I guarantee all of THAT stuff isn't on one juicy little toolbar, in that order, with no other clutter.
In case you missed it, I said it was hard to find, but you can select *any of the 1000+ features in the entire program* at your heart's content and stick them on your custom ribbon.
My first Journal Entry ever, in 8 years! http://slashdot.org/journal/365947/aphelion-scifi-fantasy-horror-poetry-webzine
OK. let me be stupid here, but Corel is still making WordPerfect. Could this type of thing bring them back to being a real player in both home and business use?
I've already acknowledged that MS Office has/used to have nice customization for the toolbar, so this isn't necessarily about M$O vs OO.
Secondly, strictly in the spirit of going to the heart of the matter, I've spent some time digging into your test scenario, and here's what I have:
Screenshot
Basically, a blank toolbar with most of what you referenced. In turn:
Format-Column-Hide: present
Select-Visable-Only: might have to install this OO extension
Format-Cells-Accounting: Don't quite know what accounting format is. I used Currency format.

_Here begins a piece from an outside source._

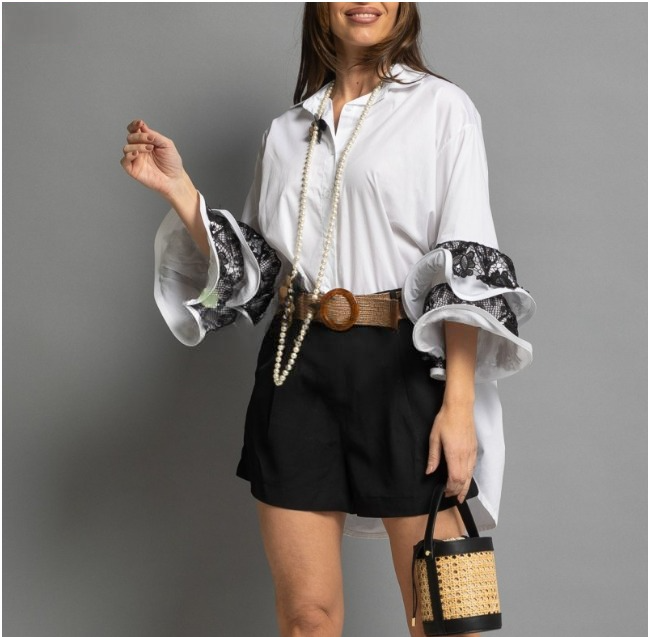 Camisa Blanca Mangas Guipur Volantes
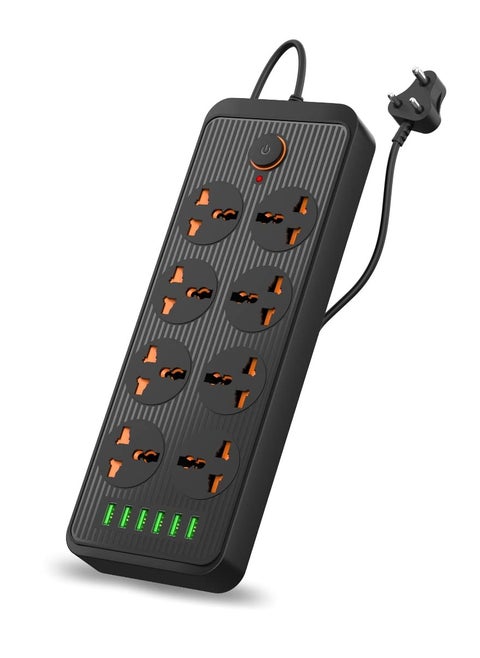 Portronics power plate 7 with 6 USB Port + 8 power sockets smart electric universal extension board multi plug with 2500W, 3Mtr cord length, 2.1A USB output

Record Macro: I added this to the toolbar, but it's not showing for some reason. Didn't dig further at this time.
Stop Macro: present
Run Macro: I forgot to add this to the screenshot, but you can add it.
(then the old ones): what does this mean?
font size: present
underline: present
fill background blue: the background color selector remembers your previous color, in this case blue. Otherwise you'd do a macro.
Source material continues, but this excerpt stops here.